HOW TO COMPLETE THIS TASK
In the records that follow, find each line with "Jewelry" and pull it out.

[Source records]
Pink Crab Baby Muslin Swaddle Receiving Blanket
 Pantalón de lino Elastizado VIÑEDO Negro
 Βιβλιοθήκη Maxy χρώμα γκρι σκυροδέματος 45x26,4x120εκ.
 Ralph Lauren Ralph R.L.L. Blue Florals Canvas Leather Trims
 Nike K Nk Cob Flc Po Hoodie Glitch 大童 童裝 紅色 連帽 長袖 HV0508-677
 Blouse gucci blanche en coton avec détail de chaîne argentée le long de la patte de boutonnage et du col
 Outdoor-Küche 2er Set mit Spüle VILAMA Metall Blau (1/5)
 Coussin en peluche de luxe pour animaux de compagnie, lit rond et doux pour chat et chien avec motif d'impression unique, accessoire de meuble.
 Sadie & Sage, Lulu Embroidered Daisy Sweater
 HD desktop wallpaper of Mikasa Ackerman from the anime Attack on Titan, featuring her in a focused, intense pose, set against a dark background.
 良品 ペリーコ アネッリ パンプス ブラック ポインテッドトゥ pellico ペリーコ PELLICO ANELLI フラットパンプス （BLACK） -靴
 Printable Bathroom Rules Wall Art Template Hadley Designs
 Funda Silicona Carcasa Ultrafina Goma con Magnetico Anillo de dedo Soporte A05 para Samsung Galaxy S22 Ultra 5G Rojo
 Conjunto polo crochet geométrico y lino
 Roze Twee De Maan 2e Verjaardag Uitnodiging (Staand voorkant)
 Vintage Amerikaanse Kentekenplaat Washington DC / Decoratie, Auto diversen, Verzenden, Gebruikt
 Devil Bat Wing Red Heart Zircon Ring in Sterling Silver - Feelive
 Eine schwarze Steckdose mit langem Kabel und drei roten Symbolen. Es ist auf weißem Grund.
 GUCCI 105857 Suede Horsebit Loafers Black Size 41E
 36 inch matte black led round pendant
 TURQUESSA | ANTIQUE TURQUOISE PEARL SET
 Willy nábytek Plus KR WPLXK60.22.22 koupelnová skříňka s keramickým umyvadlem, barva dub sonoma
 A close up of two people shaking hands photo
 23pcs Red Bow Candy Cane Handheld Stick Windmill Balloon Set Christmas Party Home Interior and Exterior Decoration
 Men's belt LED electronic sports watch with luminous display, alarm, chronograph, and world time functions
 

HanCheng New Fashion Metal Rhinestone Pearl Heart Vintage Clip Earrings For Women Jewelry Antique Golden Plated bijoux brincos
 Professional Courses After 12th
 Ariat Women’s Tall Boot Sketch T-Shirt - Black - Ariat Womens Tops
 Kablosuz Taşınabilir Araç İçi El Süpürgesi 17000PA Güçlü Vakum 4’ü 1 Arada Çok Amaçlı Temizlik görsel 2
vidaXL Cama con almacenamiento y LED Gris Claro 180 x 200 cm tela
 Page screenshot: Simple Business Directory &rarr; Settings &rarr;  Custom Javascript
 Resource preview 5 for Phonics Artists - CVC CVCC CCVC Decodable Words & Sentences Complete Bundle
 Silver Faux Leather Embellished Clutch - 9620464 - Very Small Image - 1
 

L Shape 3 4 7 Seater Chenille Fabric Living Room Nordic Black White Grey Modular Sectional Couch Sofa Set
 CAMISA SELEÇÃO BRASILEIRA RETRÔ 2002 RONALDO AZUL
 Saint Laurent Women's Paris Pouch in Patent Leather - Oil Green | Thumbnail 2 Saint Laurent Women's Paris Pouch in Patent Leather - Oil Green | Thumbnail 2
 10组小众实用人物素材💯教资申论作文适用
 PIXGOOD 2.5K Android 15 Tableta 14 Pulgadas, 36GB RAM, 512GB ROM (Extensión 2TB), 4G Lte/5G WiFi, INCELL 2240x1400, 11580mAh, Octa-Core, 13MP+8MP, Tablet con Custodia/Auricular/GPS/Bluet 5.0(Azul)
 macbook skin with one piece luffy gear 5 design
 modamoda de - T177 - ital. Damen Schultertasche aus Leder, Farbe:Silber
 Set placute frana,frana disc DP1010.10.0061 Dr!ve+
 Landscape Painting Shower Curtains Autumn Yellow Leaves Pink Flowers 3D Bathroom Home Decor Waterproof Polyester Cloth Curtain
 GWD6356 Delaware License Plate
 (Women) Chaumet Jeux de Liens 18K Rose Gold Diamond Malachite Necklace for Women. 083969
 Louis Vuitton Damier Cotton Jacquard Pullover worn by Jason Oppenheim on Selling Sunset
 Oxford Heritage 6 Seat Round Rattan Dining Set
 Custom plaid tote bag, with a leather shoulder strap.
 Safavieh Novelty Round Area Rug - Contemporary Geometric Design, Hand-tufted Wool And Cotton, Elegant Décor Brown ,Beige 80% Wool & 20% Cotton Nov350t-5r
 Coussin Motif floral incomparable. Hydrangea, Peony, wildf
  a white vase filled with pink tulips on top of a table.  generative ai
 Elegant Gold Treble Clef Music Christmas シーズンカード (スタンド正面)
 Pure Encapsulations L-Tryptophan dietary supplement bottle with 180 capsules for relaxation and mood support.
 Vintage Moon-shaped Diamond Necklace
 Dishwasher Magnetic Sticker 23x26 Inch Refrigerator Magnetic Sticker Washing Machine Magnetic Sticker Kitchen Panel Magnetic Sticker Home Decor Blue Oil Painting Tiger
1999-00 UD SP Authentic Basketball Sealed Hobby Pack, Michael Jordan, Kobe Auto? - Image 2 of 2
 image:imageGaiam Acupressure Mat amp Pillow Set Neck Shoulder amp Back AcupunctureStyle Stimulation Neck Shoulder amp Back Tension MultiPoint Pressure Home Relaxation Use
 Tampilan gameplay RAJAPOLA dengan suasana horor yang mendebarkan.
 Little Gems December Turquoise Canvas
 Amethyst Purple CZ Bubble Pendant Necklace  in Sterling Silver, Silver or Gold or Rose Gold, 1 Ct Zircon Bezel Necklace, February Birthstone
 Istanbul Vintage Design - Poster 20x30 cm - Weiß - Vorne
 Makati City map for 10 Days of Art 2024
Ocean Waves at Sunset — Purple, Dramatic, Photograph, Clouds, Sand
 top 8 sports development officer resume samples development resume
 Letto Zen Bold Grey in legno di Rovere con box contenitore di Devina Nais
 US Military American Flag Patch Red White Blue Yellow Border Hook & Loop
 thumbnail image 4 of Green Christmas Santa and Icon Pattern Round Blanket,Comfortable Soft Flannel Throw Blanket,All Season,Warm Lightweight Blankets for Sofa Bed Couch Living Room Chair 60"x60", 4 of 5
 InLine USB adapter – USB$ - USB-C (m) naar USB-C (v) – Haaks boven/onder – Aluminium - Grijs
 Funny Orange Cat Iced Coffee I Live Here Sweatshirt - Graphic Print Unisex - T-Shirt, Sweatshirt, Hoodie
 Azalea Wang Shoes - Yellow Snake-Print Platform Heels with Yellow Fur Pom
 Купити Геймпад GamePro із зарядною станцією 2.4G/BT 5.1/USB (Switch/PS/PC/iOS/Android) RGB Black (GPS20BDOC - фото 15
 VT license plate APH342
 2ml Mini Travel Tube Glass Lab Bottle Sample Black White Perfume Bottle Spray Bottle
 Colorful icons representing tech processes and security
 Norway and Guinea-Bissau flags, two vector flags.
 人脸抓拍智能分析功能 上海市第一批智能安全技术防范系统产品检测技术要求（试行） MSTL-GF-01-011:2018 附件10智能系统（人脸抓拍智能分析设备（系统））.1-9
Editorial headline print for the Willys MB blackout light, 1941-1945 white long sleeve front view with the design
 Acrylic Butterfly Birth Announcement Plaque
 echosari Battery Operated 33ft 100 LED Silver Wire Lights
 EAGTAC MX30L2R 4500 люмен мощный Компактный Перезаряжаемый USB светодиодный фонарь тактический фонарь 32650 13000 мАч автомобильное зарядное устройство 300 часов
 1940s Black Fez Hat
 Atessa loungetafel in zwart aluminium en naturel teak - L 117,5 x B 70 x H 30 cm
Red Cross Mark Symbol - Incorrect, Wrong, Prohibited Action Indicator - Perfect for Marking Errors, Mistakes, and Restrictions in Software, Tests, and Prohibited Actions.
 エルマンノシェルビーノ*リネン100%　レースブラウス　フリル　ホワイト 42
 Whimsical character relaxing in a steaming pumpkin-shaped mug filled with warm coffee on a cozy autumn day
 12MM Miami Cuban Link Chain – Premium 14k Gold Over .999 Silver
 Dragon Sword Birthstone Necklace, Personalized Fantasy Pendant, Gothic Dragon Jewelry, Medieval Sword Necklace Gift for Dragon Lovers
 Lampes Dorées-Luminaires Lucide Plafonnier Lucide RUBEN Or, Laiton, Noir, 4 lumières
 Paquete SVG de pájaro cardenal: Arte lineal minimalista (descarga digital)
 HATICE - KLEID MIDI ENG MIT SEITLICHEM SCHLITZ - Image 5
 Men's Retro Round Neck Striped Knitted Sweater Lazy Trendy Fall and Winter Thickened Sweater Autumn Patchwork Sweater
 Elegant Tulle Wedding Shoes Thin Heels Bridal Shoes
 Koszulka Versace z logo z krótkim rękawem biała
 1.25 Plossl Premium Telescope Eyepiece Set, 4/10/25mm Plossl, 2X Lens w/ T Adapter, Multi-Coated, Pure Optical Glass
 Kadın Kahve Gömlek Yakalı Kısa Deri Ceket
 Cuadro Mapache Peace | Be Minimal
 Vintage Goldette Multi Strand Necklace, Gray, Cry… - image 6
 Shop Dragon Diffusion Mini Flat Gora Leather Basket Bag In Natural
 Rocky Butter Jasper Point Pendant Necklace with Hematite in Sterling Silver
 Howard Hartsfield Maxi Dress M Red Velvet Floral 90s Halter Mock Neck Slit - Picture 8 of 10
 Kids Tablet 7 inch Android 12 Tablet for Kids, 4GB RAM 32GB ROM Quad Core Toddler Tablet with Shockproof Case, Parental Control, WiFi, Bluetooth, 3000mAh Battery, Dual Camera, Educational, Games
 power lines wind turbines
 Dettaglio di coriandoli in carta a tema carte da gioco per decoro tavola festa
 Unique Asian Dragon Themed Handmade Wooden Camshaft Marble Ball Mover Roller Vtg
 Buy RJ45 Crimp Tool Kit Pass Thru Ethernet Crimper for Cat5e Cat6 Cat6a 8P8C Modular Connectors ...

ANSWER FOR THE TASK
HanCheng New Fashion Metal Rhinestone Pearl Heart Vintage Clip Earrings For Women Jewelry Antique Golden Plated bijoux brincos
 Dragon Sword Birthstone Necklace, Personalized Fantasy Pendant, Gothic Dragon Jewelry, Medieval Sword Necklace Gift for Dragon Lovers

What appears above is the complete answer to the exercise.